Rail Shippers Say Regulatory Bill Could Have Momentum

Two activist rail shipper groups say they see new signs that the Senate could move on long-dormant rail competition legislation in the final months of the current Congress.

Both the Alliance for Rail Competition and Consumers United for Rail Equity said recent signals from the Senate Commerce, Science and Transportation Committee indicate that key lawmakers are trying to reactivate the bill that passed the committee last December.

CURE said a scheduled Sept. 15 hearing by that committee on "the federal role in national rail policy" will be a chance for shippers to air concerns about lack of competitive access to rail transportation options. CURE tied the hearing and the need for new rail legislation to an investment program proposed last week by President Obama that would include funds for rail infrastructure upgrades.

By The Numbers: U.S. Rail Cargo.

Glenn English, CURE's chairman, said that before Congress considers more funding for rail systems, lawmakers "need to pass meaningful rail reform legislation that would protect consumers from the railroads' monopoly pricing power." He said the Commerce Committee hearing, which was just put on its schedule last week, "shows the Senate is serious about passing legislation this year to address the problems posed by a lack of competition in the freight rail industry."

In the face of sharp criticism from freight railroad executives, the Commerce panel's legislation has never been scheduled for action by the full Senate, although Commerce Chairman Jay Rockefeller, D-W.Va., declared it a priority for passage in 2010. Rail officials fear it would tilt regulation too much in favor of shippers in issues of freight routing and customer challenges to rail pricing, thereby hurting the carriers' profitability.

On the House Side, Transportation and Infrastructure Committee Chairman James L. Oberstar, D-Minn., has said he is working with Rockefeller on the bill's final language before it moves in the full Senate, and that the House would pass an identical version so it could quickly go to President Obama for his signature.

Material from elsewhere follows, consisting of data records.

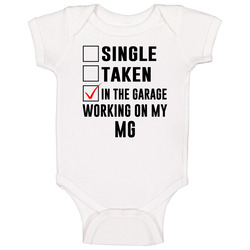 Single Taken Working On My Mg Funny Car Onesie Baby One Piece Single Taken Working On My Mg Funny Car Onesie Baby One Piece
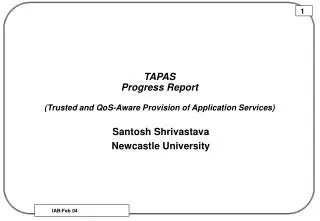 TAPAS Progress Report (Trusted and QoS-Aware Provision of Application Services)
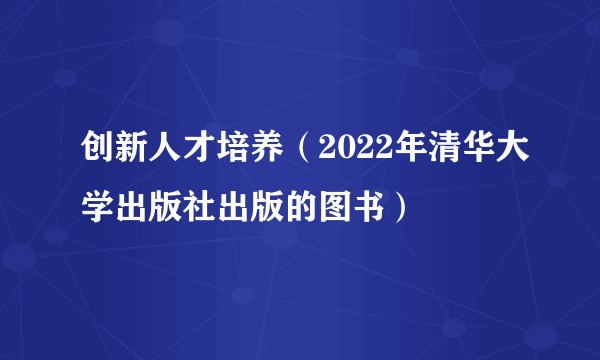创新人才培养(2022年清华大学出版社出版的图书)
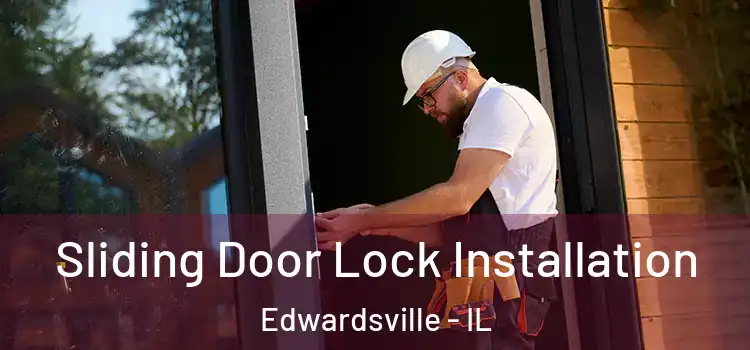 Sliding Door Lock Installation Edwardsville - IL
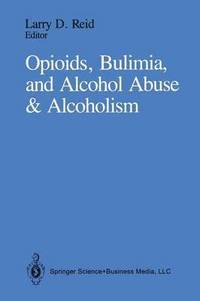 bokomslag Opioids, Bulimia, and Alcohol Abuse & Alcoholism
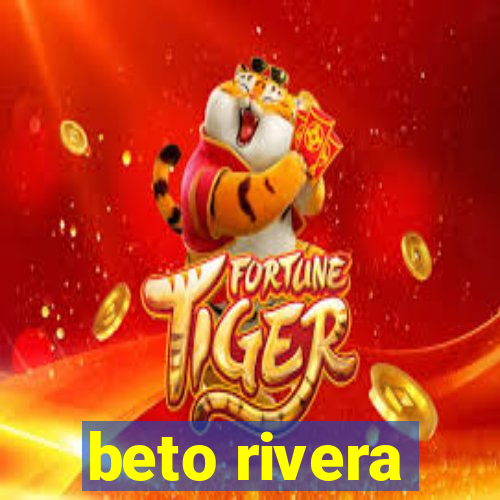 beto rivera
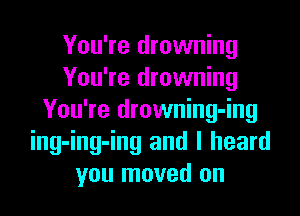 You're drowning
You're drowning

You're drowning-ing
ing-ing-ing and I heard
you moved on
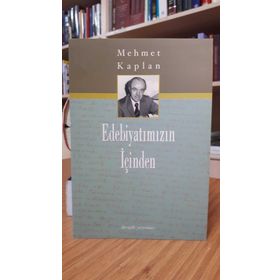 Edebiyatımızın İçinden - Mehmet Kaplan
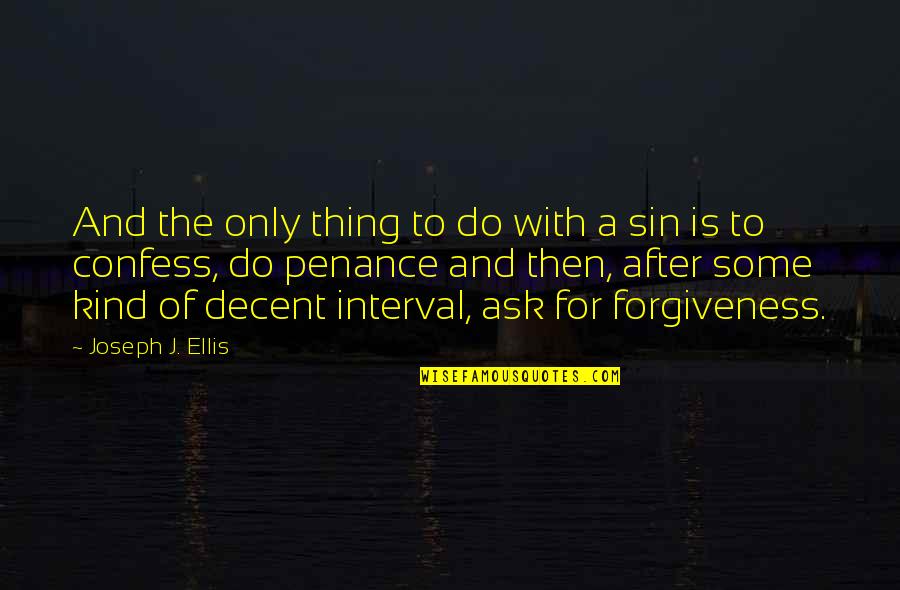 Sin Forgiveness Quotes By Joseph J. Ellis: And the only thing to do with a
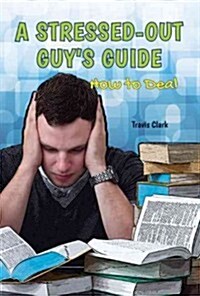 A Stressed-Out Guys Guide: How to Deal (Library Binding)
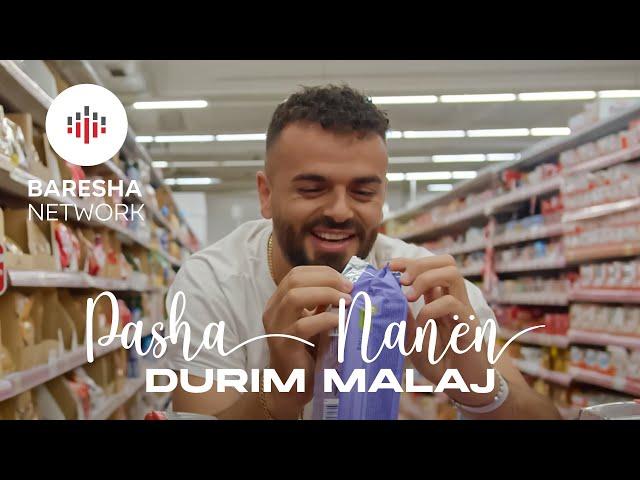 Durim Malaj - Pasha nanen  (Official Video)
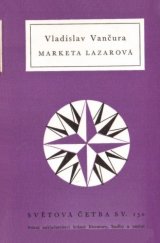 kniha Marketa Lazarová, Státní nakladatelství krásné literatury, hudby a umění 1957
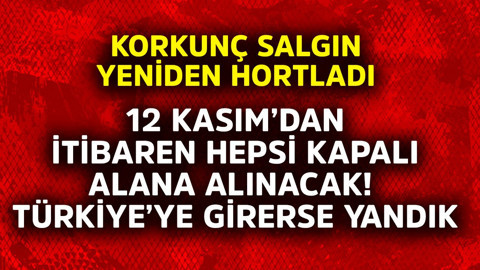 Korkunç salgın yeniden hortladı! 12 Kasım'dan itibaren hepsi kapalı alana alınacak, Türkiye'ye girerse yandık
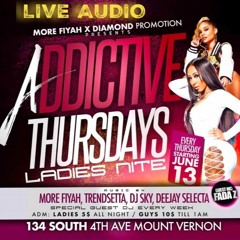 ADDICTIVE THURSDAYS WEEK 1 2019 EVERY THURSDAY 130 S 4TH AVE MV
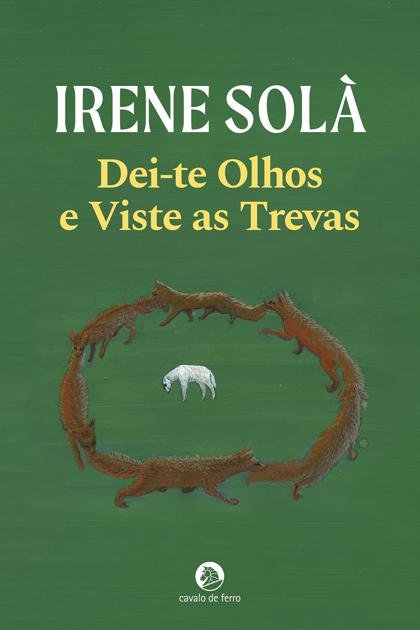 Dei-te Olhos e Viste as Trevas – Irene Solà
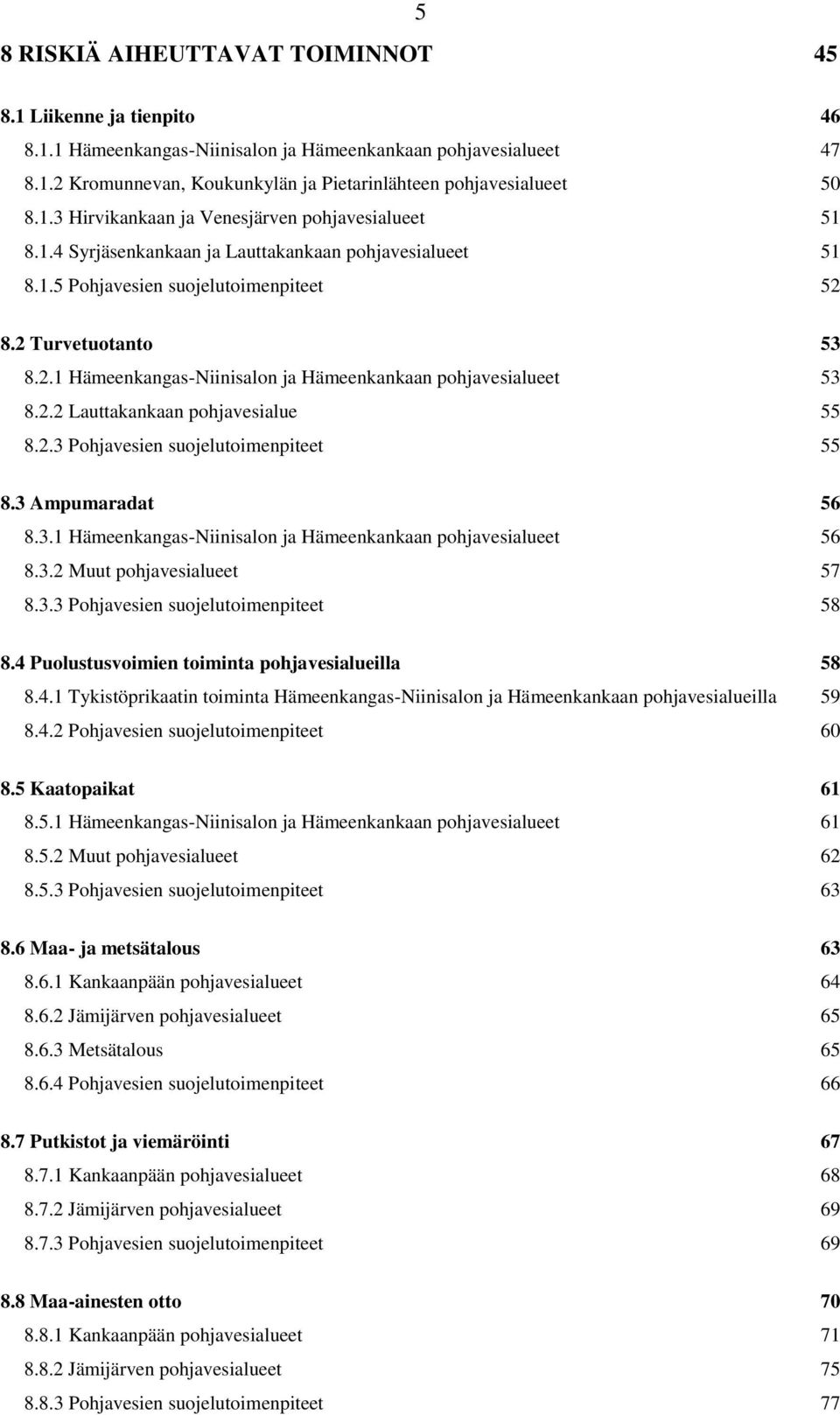 8.2 Turvetuotanto 53 8.2.1 Hämeenkangas-Niinisalon ja Hämeenkankaan pohjavesialueet 53 8.2.2 Lauttakankaan pohjavesialue 55 8.2.3 Pohjavesien suojelutoimenpiteet 55 8.3 Ampumaradat 56 8.3.1 Hämeenkangas-Niinisalon ja Hämeenkankaan pohjavesialueet 56 8.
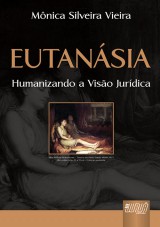 Capa do livro: Eutanásia, Mônica Silveira Vieira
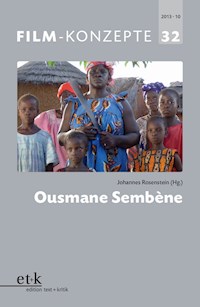 FILM-KONZEPTE 32 - Ousmane Sembène -  - E-Book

Railroad officials have sometimes said they would prefer no legislation to the one Commerce proposed. Charles W. Moorman, the chairman, president and CEO of Norfolk Southern Railway, last week told the Dahlman Rose investors' conference that behind-the-scenes negotiations have not produced bill language that satisfies the carriers, so he thinks the issues will have to wait for 2011 and the next Congress.

However, the ARC last week sent its members a newsletter update saying "we have recently heard from the staff of the co-sponsors of the Rockefeller bill . . . that they are working on the legislation in an effort to move it forward and meeting with all interested parties. They report that they are fully committed to enacting this legislation this year."

The ARC notice said the group had been in contact with the Senate staffs of co-sponsors Byron Dorgan, D-N.D., ranking committee Republican Kay Bailey Hutchison, Texas, and John Thune, R-S.D. It said congressional staffs during the August congressional recess have been "working on the many issues that the House and Senate will consider prior to leaving in October to campaign and during the much anticipated lame-duck session following the elections in November."